独立会計士のおぼえがき

独立会計士として過ごすためのあれこれを文章にしてみる。

ツールについての話①

 独立を決めたとなると、様々なツールを用意することになります。例えば、メールを始めとしたコミュニケーションツール、情報発信用のSNS、請求書管理ツールや帳簿付けのための会計ソフトなど、会社員として働いていると会社が用意してくれているツールも自分で用意する必要があります。

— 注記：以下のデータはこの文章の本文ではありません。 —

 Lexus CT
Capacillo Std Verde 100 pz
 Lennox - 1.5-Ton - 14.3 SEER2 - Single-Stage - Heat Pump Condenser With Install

 今回は、独立にあたって私が使ったツールのうち、便利だったもの、便利そうなものを紹介していきたいと思います。

 というわけで今回のお品書きです。

独自ドメインの取得(利用したサービス:ムームードメイン

 いきなり「それってツールか?」と言われてしまいそうですが、独立にあたってほとんど全ての人が用意することになると思いますので、一応書いておきます。

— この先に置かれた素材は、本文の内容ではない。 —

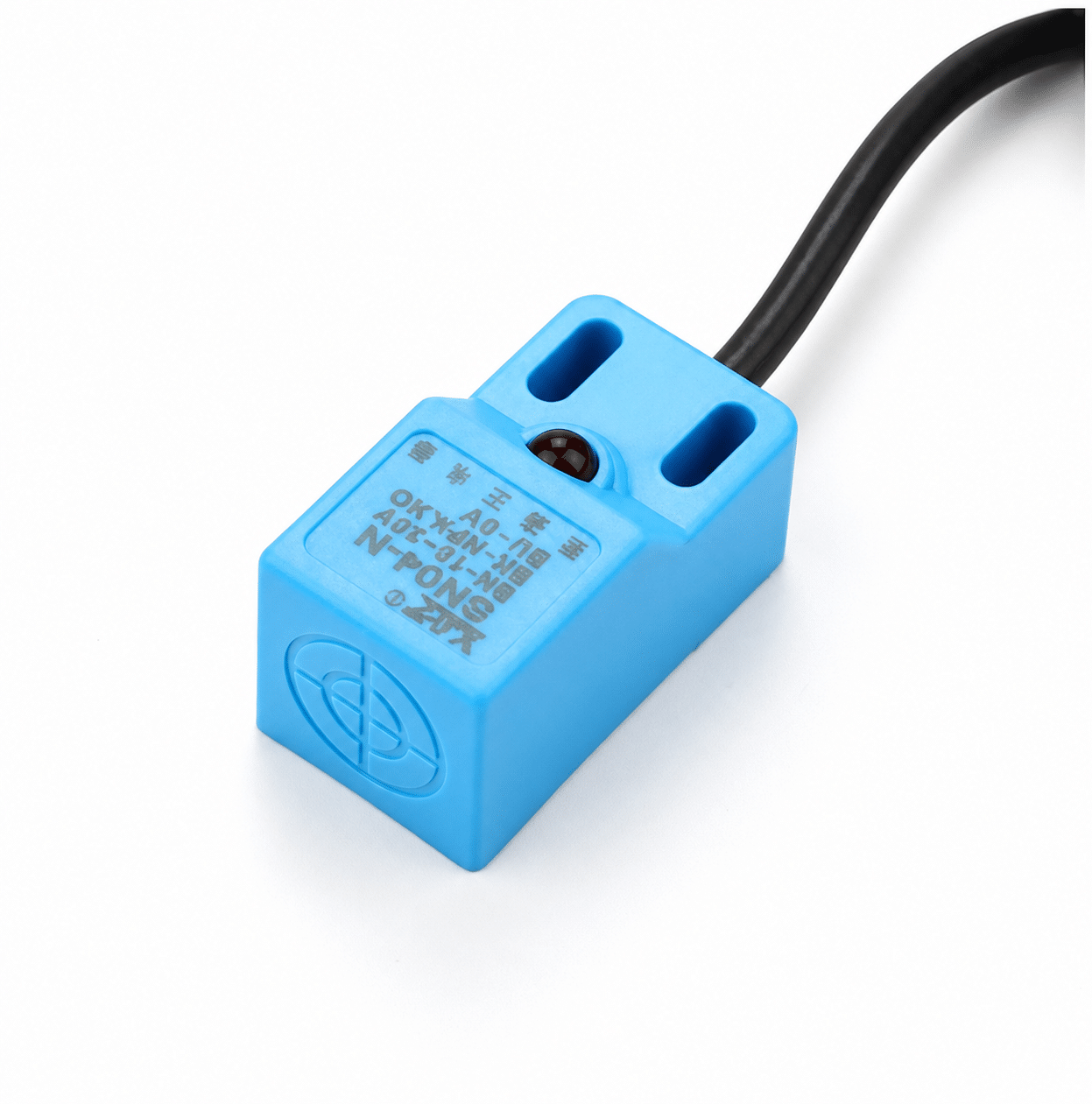SN04-N 18 x 18 x 36 5 mm Non-shielded Proximity Sensor - 图片 2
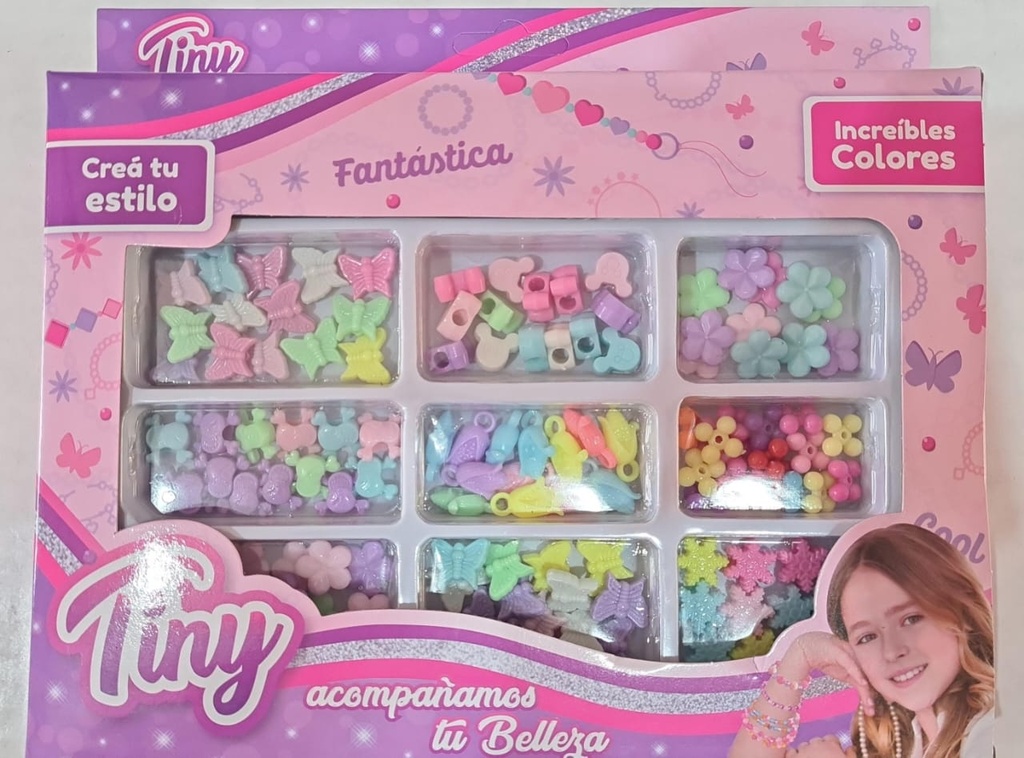 SUPER SET BIJOU TINY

 ドメインというと、メールアドレスなどの最後についている"@×××.co.jp"とか"×××.com"というやつのことですね。この"×××"を好きなものに設定したのが独自ドメインです。

 ちなみに"co.jp"や".com"などの有名どころの他、".info"".tokyo"".work"など、結構色々種類があり、価格も様々です。概ね有名なものは利用料金が高く(といっても年間数千円程度)、そうでないものは安い(年間1円のものも)です。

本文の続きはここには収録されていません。